Копавшие историю на свой лад, будто бы озабоченные судьбами людей «труда и печали», приверженцы метода соцреализма только увеличивали дыру в этом щепетильном вопросе.
Рабочие и крестьянские типажи их порочного времени постоянно ими «приподнимались», и те совершенно легко упали вниз и раздробились в мелкое крошево и в пыль, когда подошёл срок убрать идеологические подпорки. Если же выводились образы бедолаг, выбитых из колеи угнетением «от» новой власти, то почти сплошь авторы делали вид, что ни о каких угнетателях вокруг себя они не слышали и не знали и что последних якобы и быть не могло. Творческая слепота писателей перекинулась тогда в общество, в результате чего появился истинно «совковый» анекдот о Герасиме, персонаже рассказа «Муму». По душе страдальца, в которую вонзались едва ли не все муки и подлости крепостной поры, народ прошёлся постыдными скабрезными репликами…
Насколько глубоким было непонимание мира и участи крепостных, заметнее всего по воззрениям Чаадаева. Царь Николай I, прочитав его философические размышления, объявил его сумасшедшим.
«За это» он слывёт у нас провозвестником будущего, демократом, умницей и проч. Но вот – чем было дня него низшее, подневольное сословие?
Он пишет:
…Посмотрите на свободного человека в России! Между ним и крепостным нет никакой видимой разницы.
И ещё:
…хотя русский крепостной – раб в полном смысле слова, он, однако, с внешней стороны не несёт на себе отпечатка рабства. Ни по правам своим, ни в общественном мнении, ни по расовым отличиям он не выделяется из других классов общества; в доме своего господина он разделяет труд человека свободного, в деревне он живёт вперемежку с крестьянами свободных общин; всюду он смешивается со свободными подданными империи…
Человек явно изрекал несуразное.

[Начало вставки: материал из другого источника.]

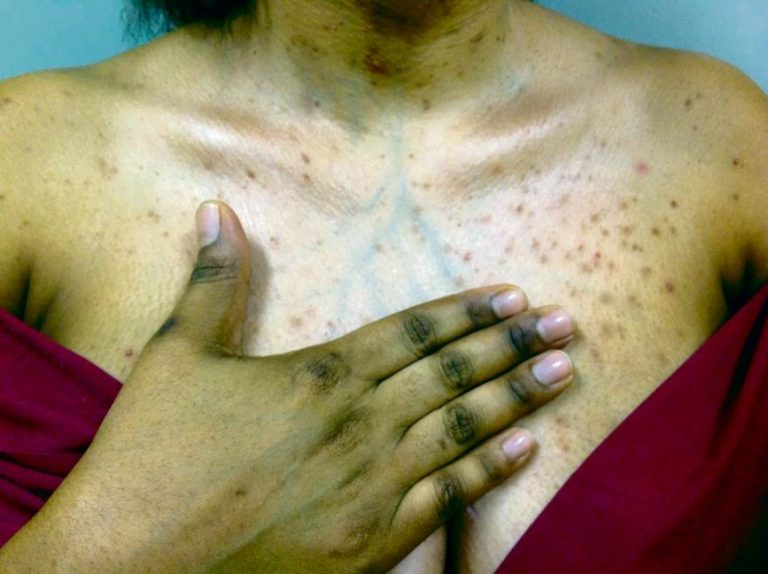 Za přípravky pro bělení kůže utratí Indové ročně více než za Coca-colu. Vedlejší účinky přitom zahrnují fleky, vřídky, vyrážky, jizvy, v extrémních případech i otravu a smrt.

Его ещё можно понять, когда в тексте он употребляет словосочетания «видимая разница» и «с внешней стороны». Впечатление от них такое, что в оценках режима автор лишь проскальзывает над его пространством, не заглядывая вовнутрь. Но ведь он распространяется и о правах! Крепостные по правам своим не отличаются от других классов!
Серьёзнейшая тема измарана неуважением и безразличием к бесправным; в неё входил и в ней наследил провокатор, желавший развалить мучительные общественные представления о реальном положении дел с крепостными.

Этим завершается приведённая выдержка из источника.